Break the law on a massive scale[notes 2] so blatantly and prolifically that Congress is forced to rewrite the laws exactly how you want them or risk being unmasked as ineffectual and irrelevant.

Sound crazy? Google's already winning.

Google is the single biggest beneficiary of the safe harbor and "take down" provisions existing legislation which basically shift (at least the presumption) of blame from Google. These laws are written specifically to legitimize what is clearly--at least in terms of theoretical dollar amount[notes 3]--a massive, flagrant, and ongoing violation of US IP laws.

Google is literally rewriting US IP laws. Content owners now allow their videos on YouTube because it's a way to get exposure and we all say, "new media", "guerrilla marketing," and applaud them for "getting it", but at the end of the day--whether or not it's good or bad, right or wrong--they make their content available because they have to. Because if they don't, they're are literally thousands of individuals who'll do it for them. They have no choice. Google (and uppers[notes 4]) have token the choice away. They've made the new world by fiat.

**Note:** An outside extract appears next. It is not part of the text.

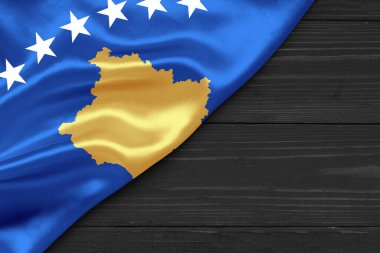Kosova 'nın bayraklarında metin başa çıkma alanı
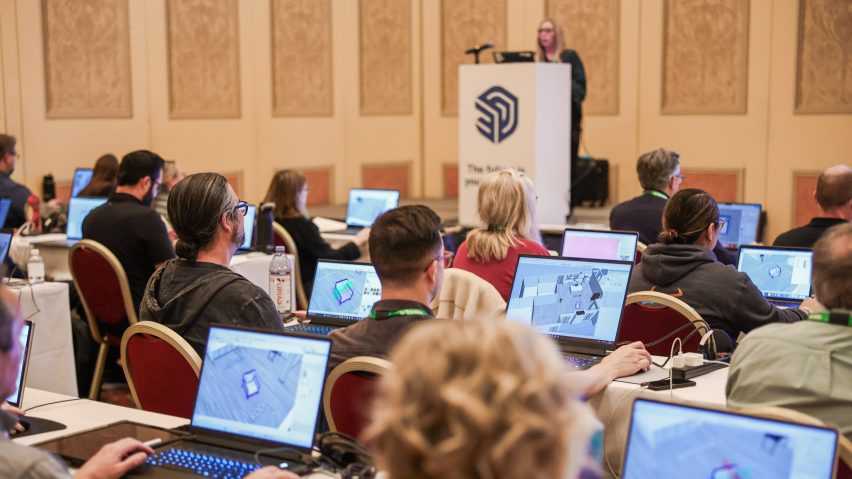 Attendees sitting at tables using laptops during a SketchUp workshop, with a presenter standing at a lectern at the front of the room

Now that we all live in this new world, we rationalize how great it is and how improved things are. Personally, I believe that they great and this new world is better, and there's fuck all that entrenched minority interests can do about it. But that doesn't change the fact that we are here, where we are today, but for the grace of Google.

There's no question that Google relies on society to do much of the heavy lifting, but society provides the potential. Google (consciously or not) uses it's unique position in all this to direct that potential and in-so-doing is carving out a highly lucrative space for itself.[notes 5]

Notes

  1. Big Music isn't destroyed or made irrelevant or anything nearly so poetic as all that. The ludicrous part is that they could have very easily transitioned to something like iTunes 10+ years ago and remained in control, with a larger slice of the pie and it wouldn't have taken anything revolutionary or even mildly creative. All they had to do was go along with the market.
  2. The most prolific file-sharer and music-down loader could not hope to break the law as many times in their life as YouTube does in a day, and yet Google goes largely untouched. There are cases in court, and most likely others pending, but the mainstream focus has always been on the individual down loaders sued by the brain dead RIAA.
  3. Of course, copyright violation fines are clearly ludicrous. 5 years in jail for making a copy of a $5 DVD? Such a regime only serves to legitimize as a "just criminal" against an obviously insane and ultimately impotent entrenched aristocracy.
  4. What do you call someone that just loves to upload shit for the hell of it?
  5. There's no need or reason to ascribe any virtuous intent to Google's actions: profit motive explains everything.